Menurut Siti, hujan deras masih mengguyur Kabupaten Tabalong, akibatnya pemukiman di bantaran Sungai Amandit ikut terdampak banjir kiriman dari kawasan Halong dan Beberapa Kecamatan di Tabalong.
“Bingung, rumah kami sudah tiga bulan terendam, sehingga kami kesulitan beraktivitas,” kata Siti mengungkapkan keluhannya melalui pesan di whatsapp.

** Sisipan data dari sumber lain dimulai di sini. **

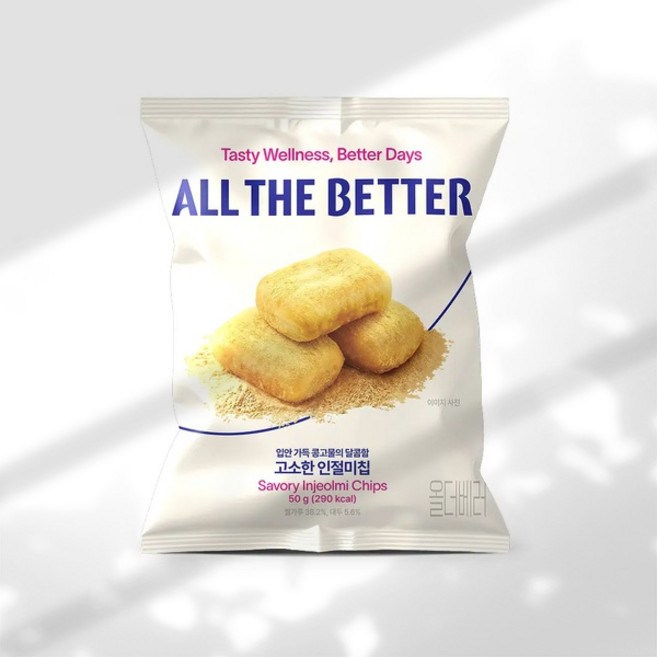 올더베러 고소한 인절미칩, 1개, 50g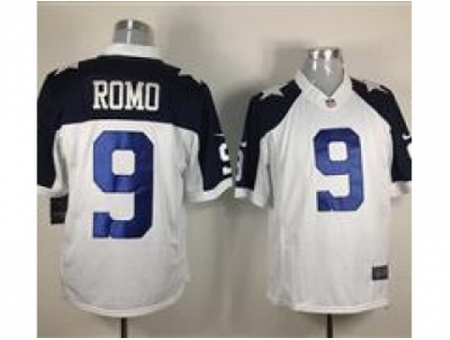 Nike Dallas Cowboys 9 Tony Romo White Thankgivings Limited NFL Jersey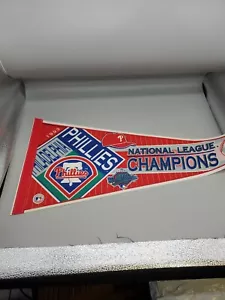 Vintage MLB Philadelphia Phillies 1993 National League Champions Felt Pennant - Picture 1 of 6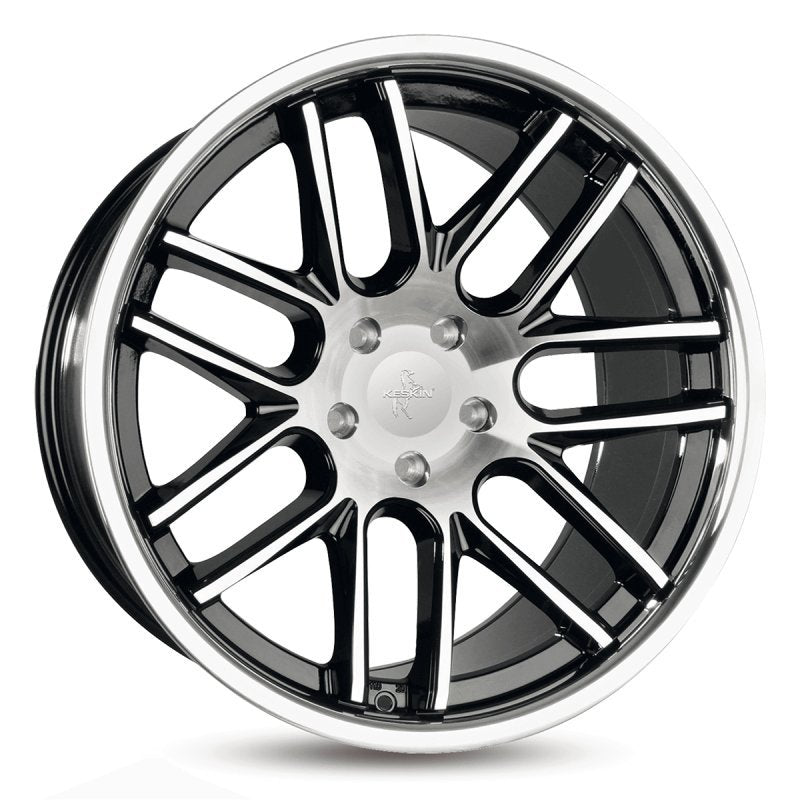 Janta aliaj Keskin Tuning KT14 11x20 5x120 et30 BLACK FRONT POLISH STEEL LIP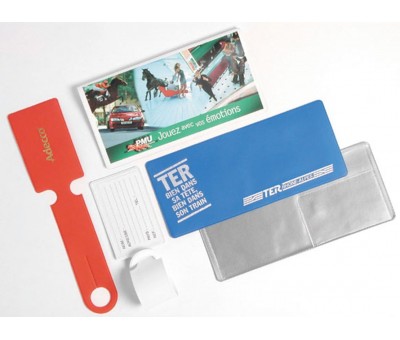 Porte étiquette PVC pour bagage
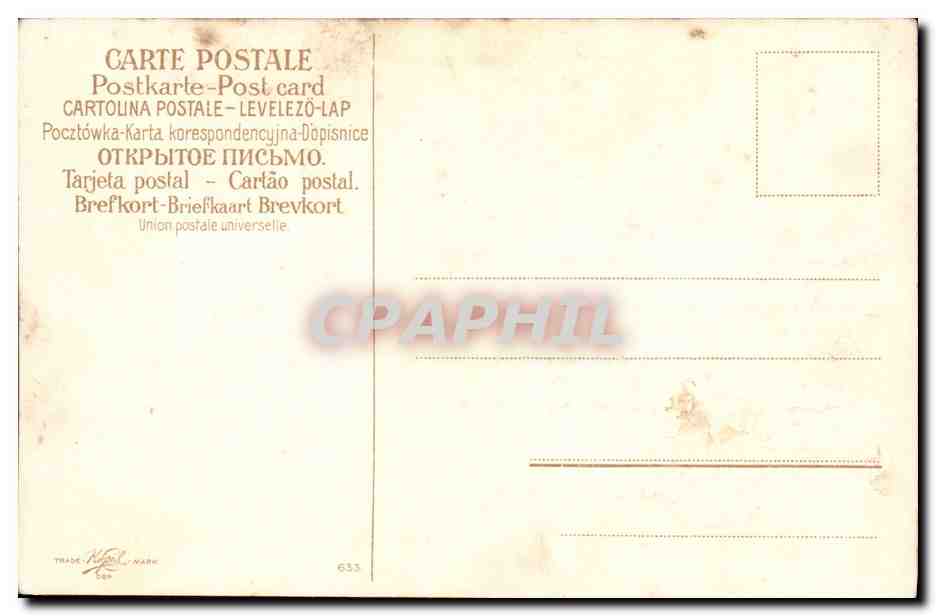 CPA Fantaisie Fleurs Automobile Colombe — Verso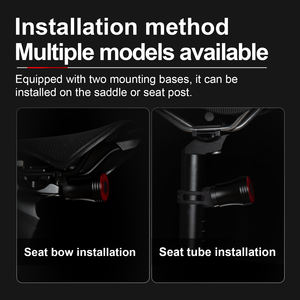 Cyclami ไฟท้าย NQY125สำหรับจักรยานเสือหมอบเสือภูเขากันน้ำแฟลชด้านหลังอัจฉริยะตรวจจับได้แบตเตอรี่ ABS วัสดุด้านหลัง - Product Image 5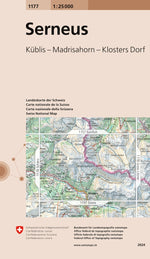 Swisstopo | 1177 Serneus - SAC-Shop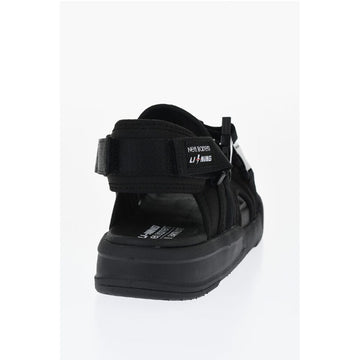 Neil Barrett LI-NING Solid Color Technical Fabric Sandals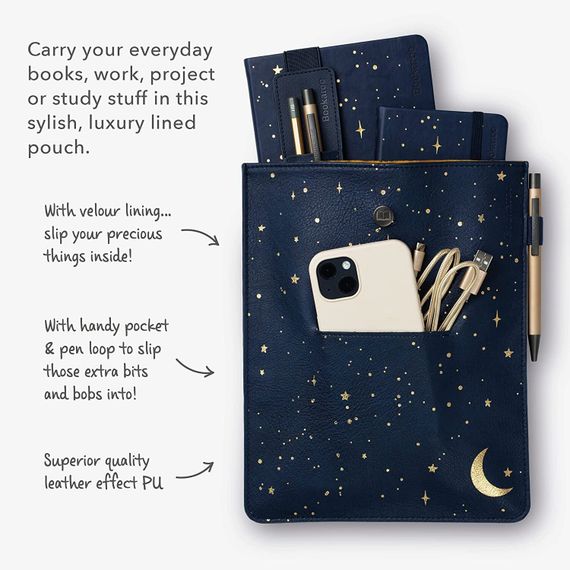 Bookaroo Books & Stuff Pouch - Moon & Stars
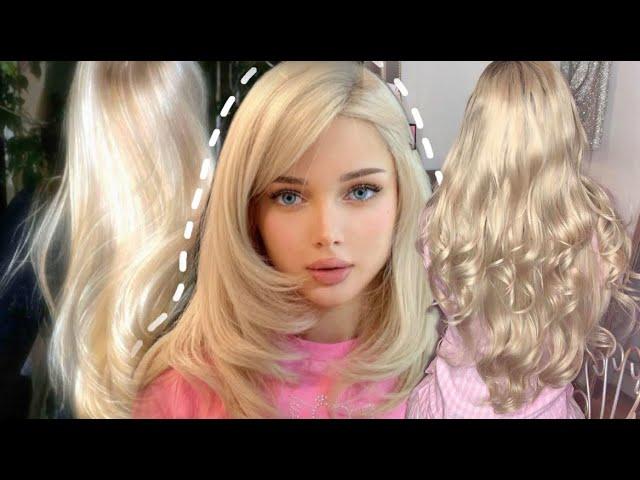 Get Barbie Blonde Hair FAST! lighten your hair from roots to tips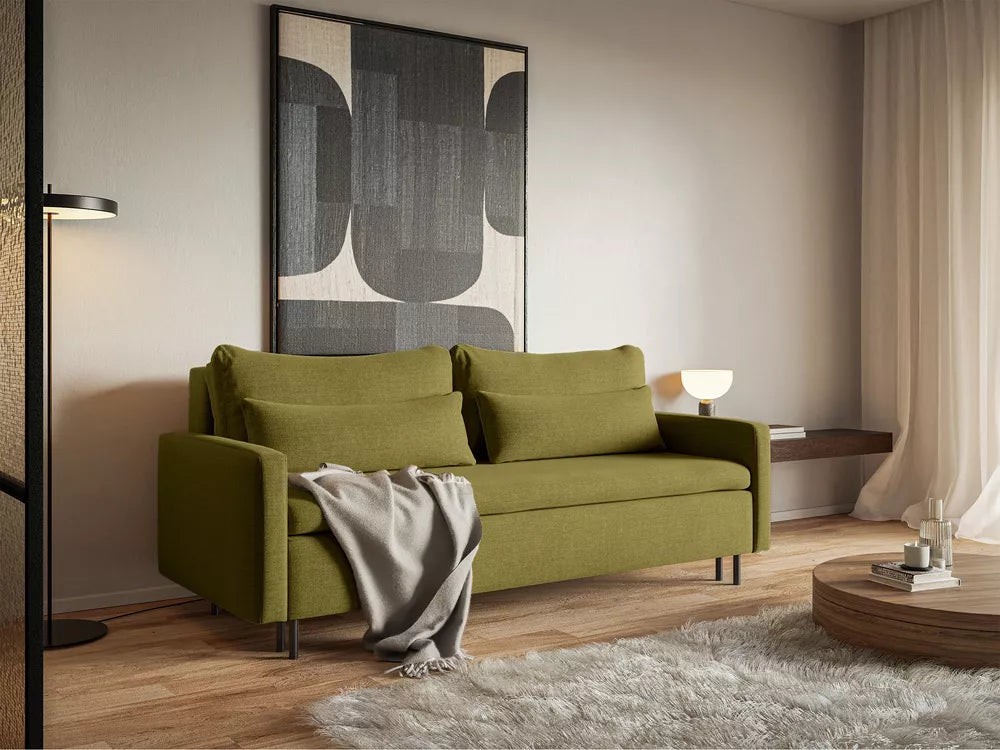 Trivietė sofa Umpro, alyvuogių spalvos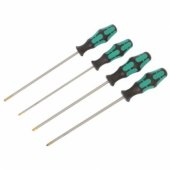 Wera 335/ 350/ 355/ 4 Screwdriver set Kraftform Plus - long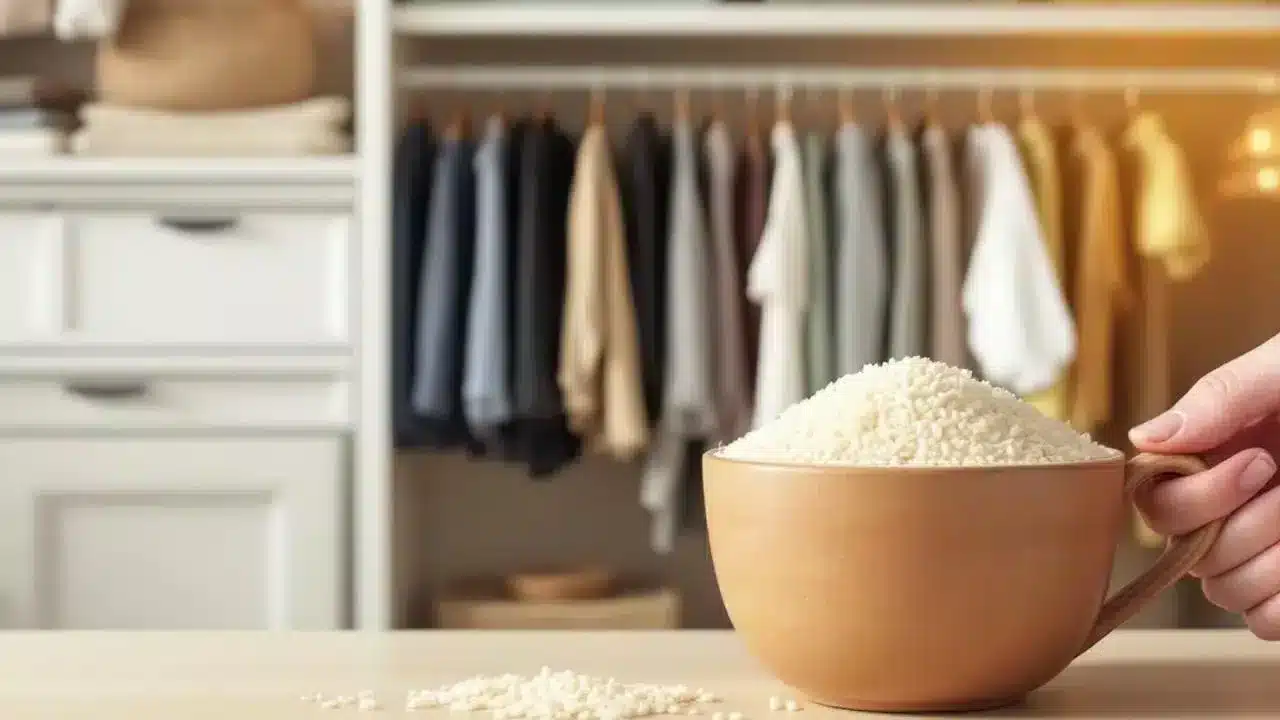 למה כוס אורז בארון שלך מונעת עובש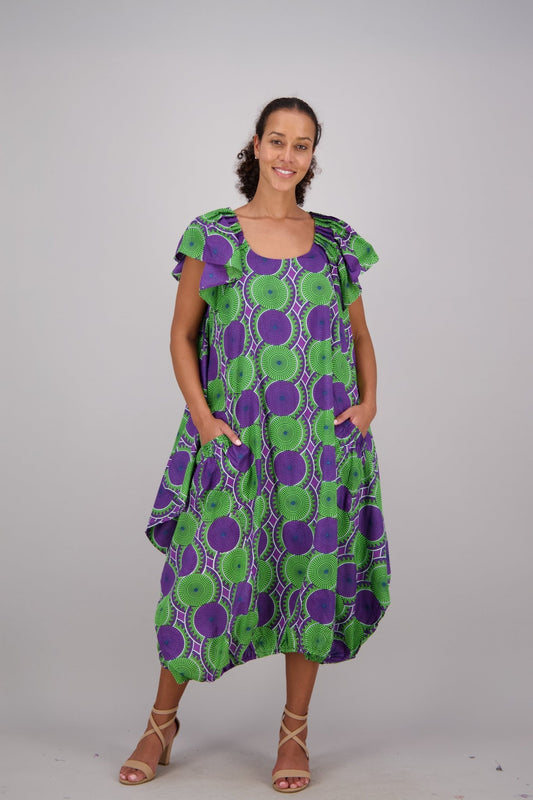 Glow Purple & Green Versa Dress AD - 25035 - 237 - Advance Apparels Inc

“Bulan Maret ini biasanya air sudah surut, sementara saat ini memasuki bulan April air masih menggenangi pemukiman di Babirik,” terang Siti.
Sementara itu, Badan Penanggulangan Bencana Daerah HSU mengatakan, banjir yang terjadi di HSU membuat 204 desa terdampak dengan rumah terendam 21.533 yang dihuni sekitar 77.149 jiwa.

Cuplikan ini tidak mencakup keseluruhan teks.